After hours of debugging, reflashing, and second-guessing the hardware, the process started feeling less like engineering and more like faith. Recompile. Reboot. Wait. Stare. Hope. Emotionally, the night felt like I was in Las Vegas hoping that one more pull of the slot machine would finally pay out. Same ritual, different casino.

Eventually, I found my error and I felt like the biggest idiot in the world. See, in my __schedule() (what'd I call it? One of the hottest paths in the linux kernel?), I had implemented logic for tracking chain information in a shared chain_struct that I added a pointer for in the task_struct. But somehow, I failed to think about the fact that this code was running for instance of process time it ran, and I was implementing chain information for every process on the machine. Without checking for the chain_struct first, I was dereferencing a null pointer like a bajillion times a second. So bad was this mistake that the kernel couldn't even boot to a point where I could see any errors. *sigh* You live and you learn.

And that is no exaggeration. Slow compile times, long reboot cycles, limited feedback; so many factors play into needing to get things right the first time.
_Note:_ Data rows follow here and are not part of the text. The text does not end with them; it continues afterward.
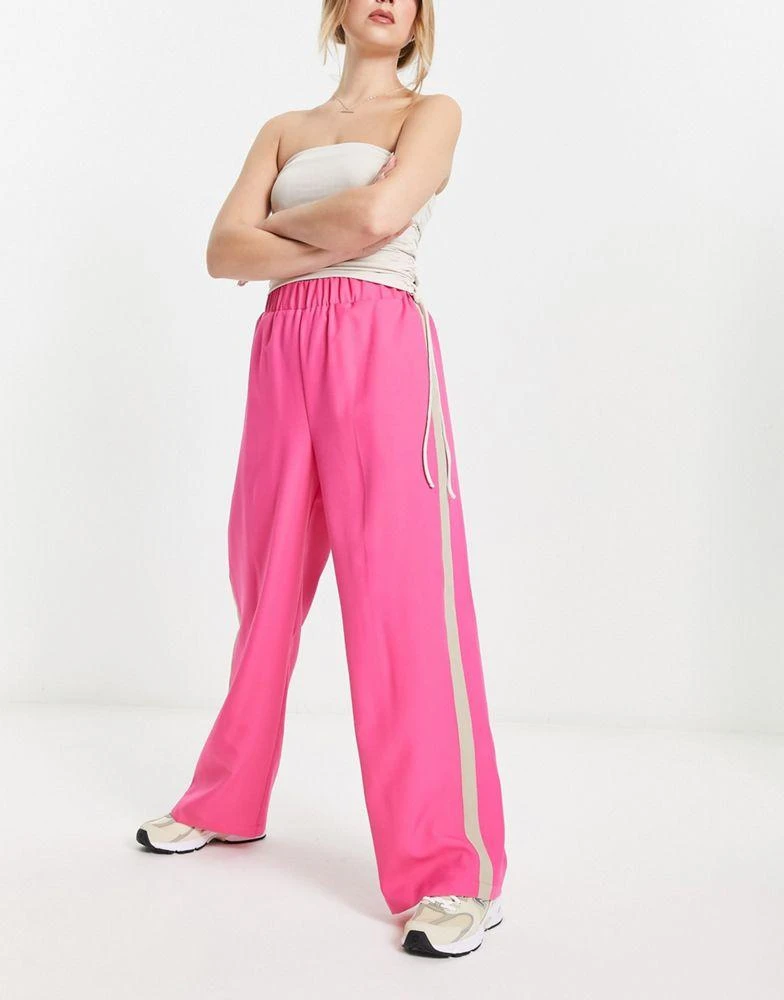 商品ASOS|ASOS DESIGN elastic waist side stripe trouser in pink with stone stripe,价格¥137,第1张图片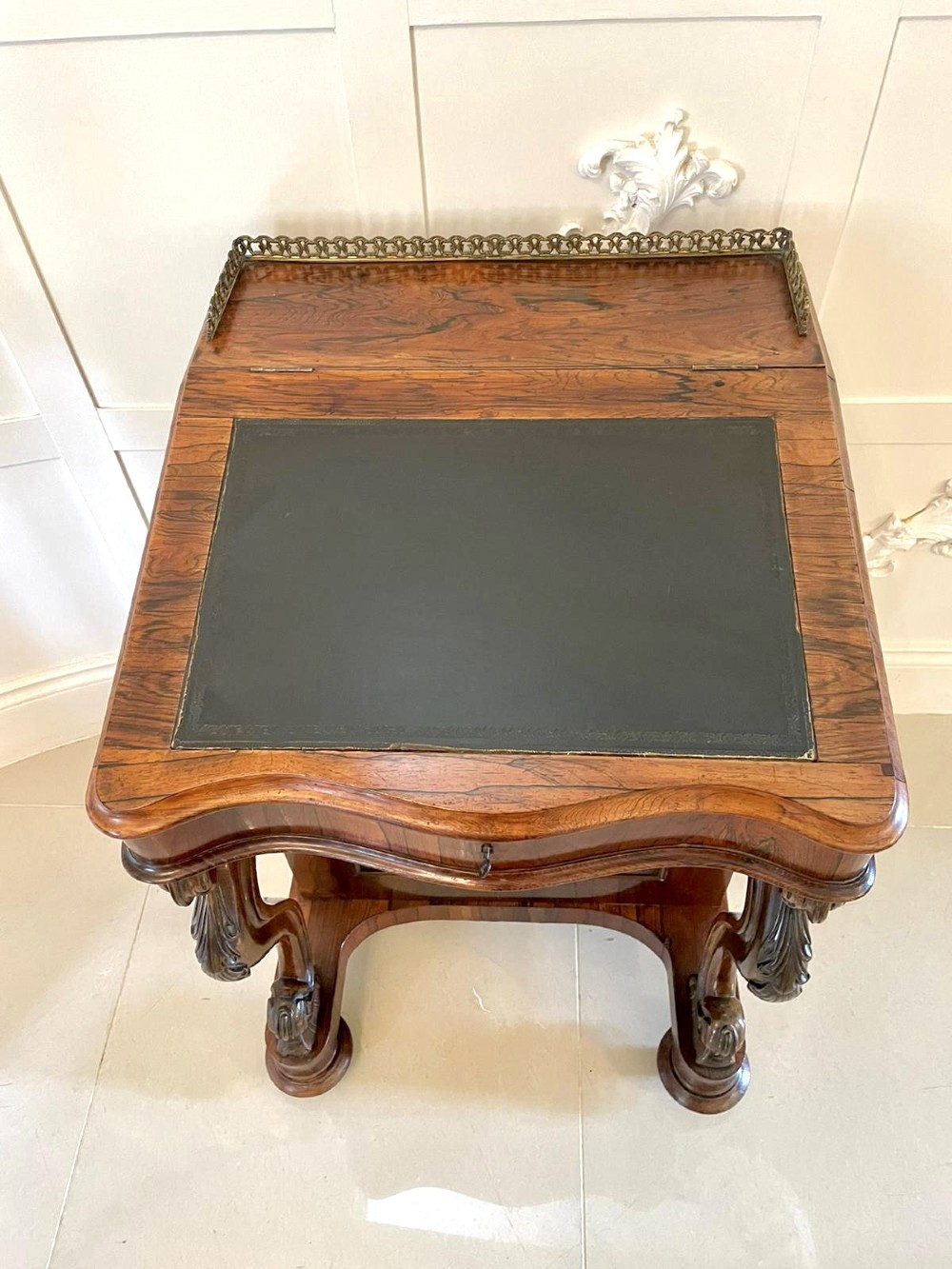 A Victorian rosewood Davenport desk featuring a sloped dark green leather writing surface, decorative brass gallery rail, carved cabriole front supports, and side drawers. View VIII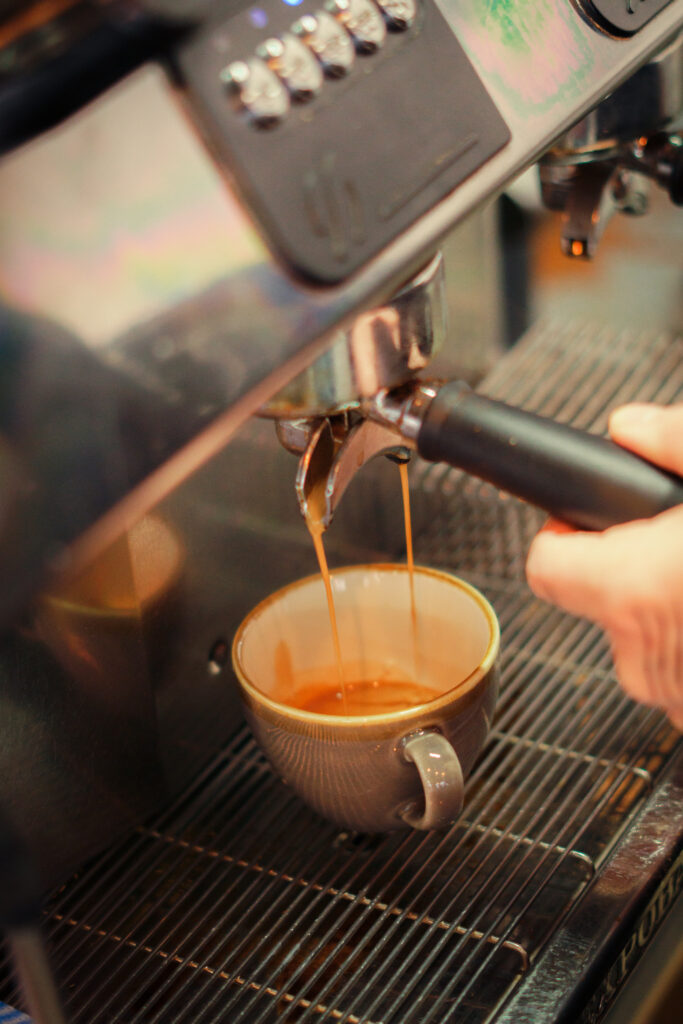 Barista pouring latte art at Fuel Coffee Shop.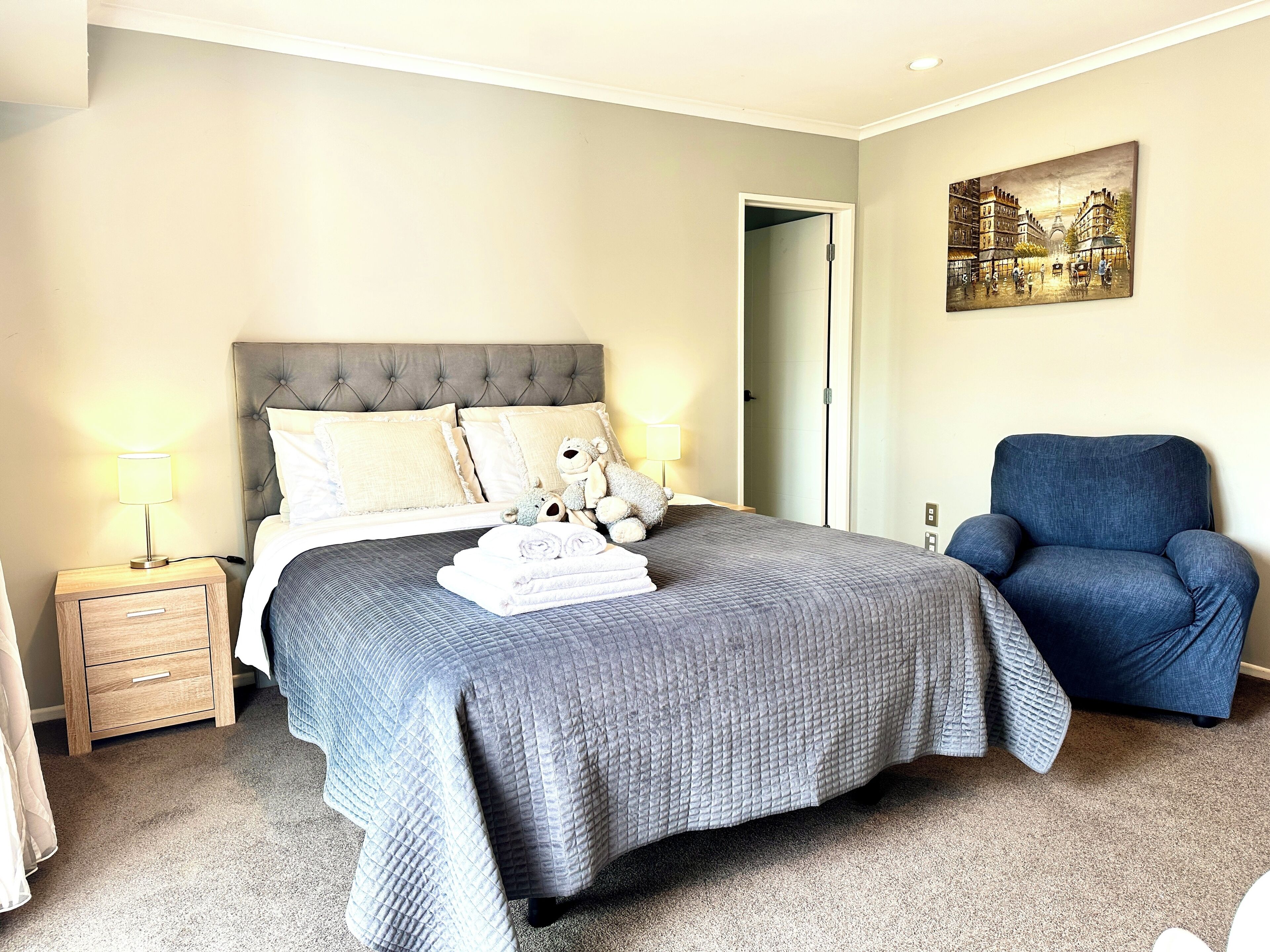 Cama bem arrumada com colcha cinza, uma poltrona azul e um quadro com uma vista urbana na parede.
There is no carelessness that will go unpunished in the kernel, and the benefit of understanding the system and planning ahead is priceless. A whole host of unique challenges are introduced as well.

Early on, every kernel change meant manually copying the configuration, mounting the target filesystem, backing up the kernel image, cross-compiling, loading modules, and unmounting everything again. It worked, but each iteration added friction, and debugging became as much about patience as correctness.

Eventually, I realized the real problem wasn't in the kernel code itself, but the minor inefficiencies at every turn. I scripted the entire process into a single command, turning minutes of repetitive monotony into one line. That small change dramatically reduced the overhead of each iteration and made it easier to focus more on writing the code and less on running the code.

I learned a (pardon my french) sh*t ton in this project, I would say this project is at least top 3 impact to my development as a programmer. I had to learn how to be more deliberate with my structure; Think about cleanup paths early, asking questions like "if this fails halfway what state am I leaving behind?"; Make sure I'm maintaining everything properly: canceling timers, freeing memory, resetting fields, etc; Writing code that future me will be able to debug, like making sure to include verbose and detailed printouts as I go, rather than going back and adding print statements everywhere after it breaks (I found myself recompiling the kernel multiple times just because I needed to make my printouts more readable for myself).

The kernel has no safety net, and learning to work without one reshaped how I write code everywhere else. I'm much more deliberate, cautious, and better at breaking down large complex problems. These habits spread across all domains, and they're something I'll carry forward for the rest of my career.